Someone asked me that “if the kinetic energy is converted into thermal energy, how hard do I have to slap a pork belly to cook it?”
As his friendly colleague a Mechanical Engineer, I decided to calculate this with a few assumptions.
The formula for converting between Kinetic Energy and Thermal Energy is 1/2Mv^2 = mc(T-t)
Where:
M=average weigh of human hand
m=average weigh of pork belly
v=average velocity human slap
c=specific heat constant of pork belly
T=temperature of meat for us to consider it cooked
t=ambience temperature or temperature of meat before impact.
M= 0.4kg, average weigh of human hand
m=6kg, average weigh of pork belly
v=11m/s
c= 1590 J/kg.K,considering 60% water content. (https://www.sciencedirect.com/topics/food-science/thermal-property-of-food)

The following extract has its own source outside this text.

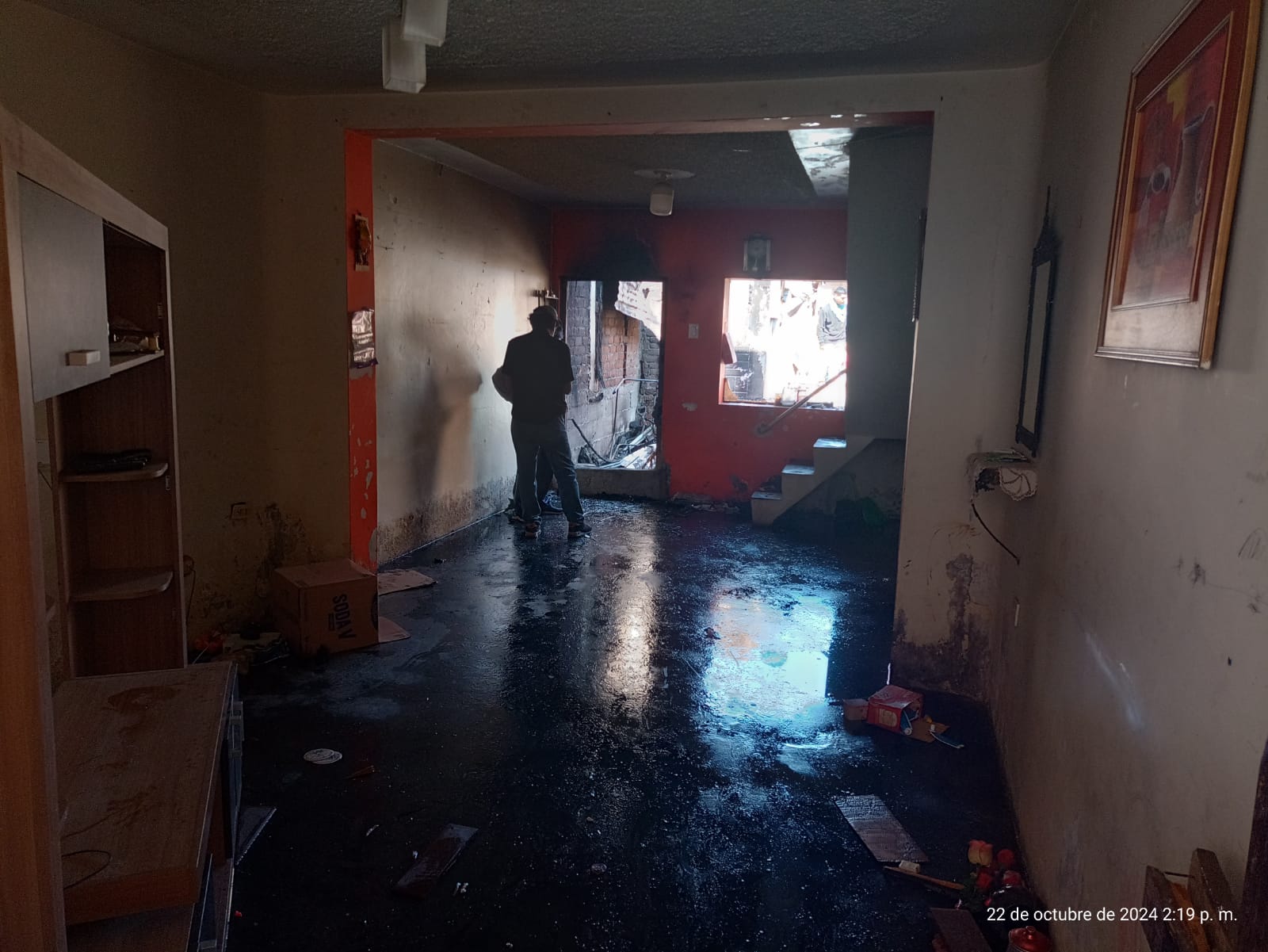 incendio, llamas devoraron todo en las viviendas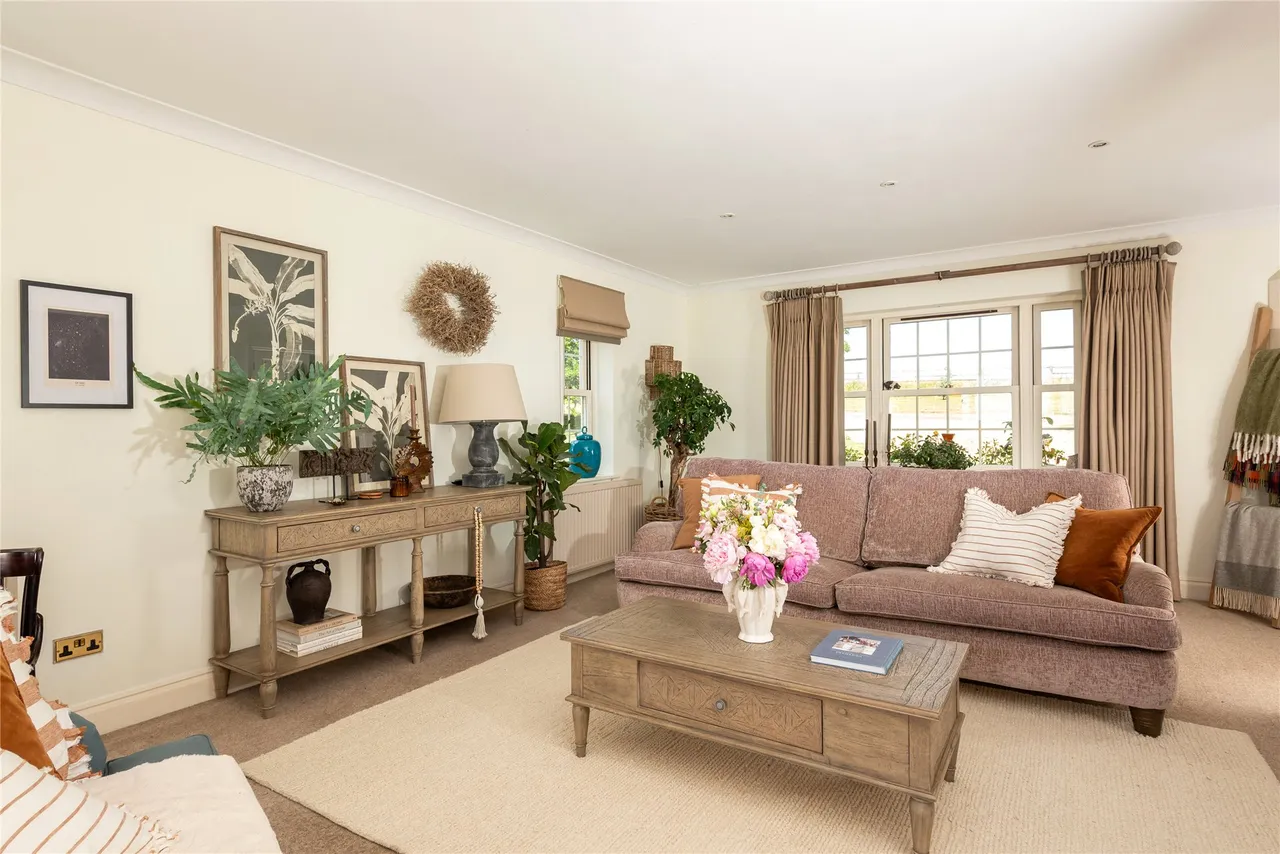 Goodens Lane, Great Doddington, NN29, photo 8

T=322°C, for us to consider it cooked.
t=20°C, room temperature.
Computing the number of slaps to cook the pork belly;
Let n be the number of slaps
1/2Mv^2(n)=mc(T-t)
½(0.4kg)(11m/s)^2(n)=6kg(1590J/kg.K)(322-20)K
24.2J(n)= 6kg(1590J/kg.K)(322-20)K
24.2J(n)= 2,881,080J
[24.2J(n)} / 24.2J = (2,881,080J) / 24.2J
[24.2J(n)} / 24.2J = (2,881,080J) / 24.2J
n=119,053
Hence, it would take 119,053 average slaps to cook the pork belly.
Computing the velocity to cook the pork bell with one slap;
1/2Mv^2=mc(T-t)
½(0.4kg)(v^2)=(6kg)(1590J/kg.K)(322-20)K
0.2kg(v^2)= 2,881,080J
J=Joules, J=kN.m=kg.m2/s2
[0.2kg(v^2)]/ 0.2kg = (2,881,080 kg.m2/s2)/ 0.2kg
v2=14,405,400m2/s^2
taking the square root of both side;
v=3,796 m/s
To cook the pork belly in one slap, you would have to slap it with a velocity of 3,796 m/s or 8491.41mph.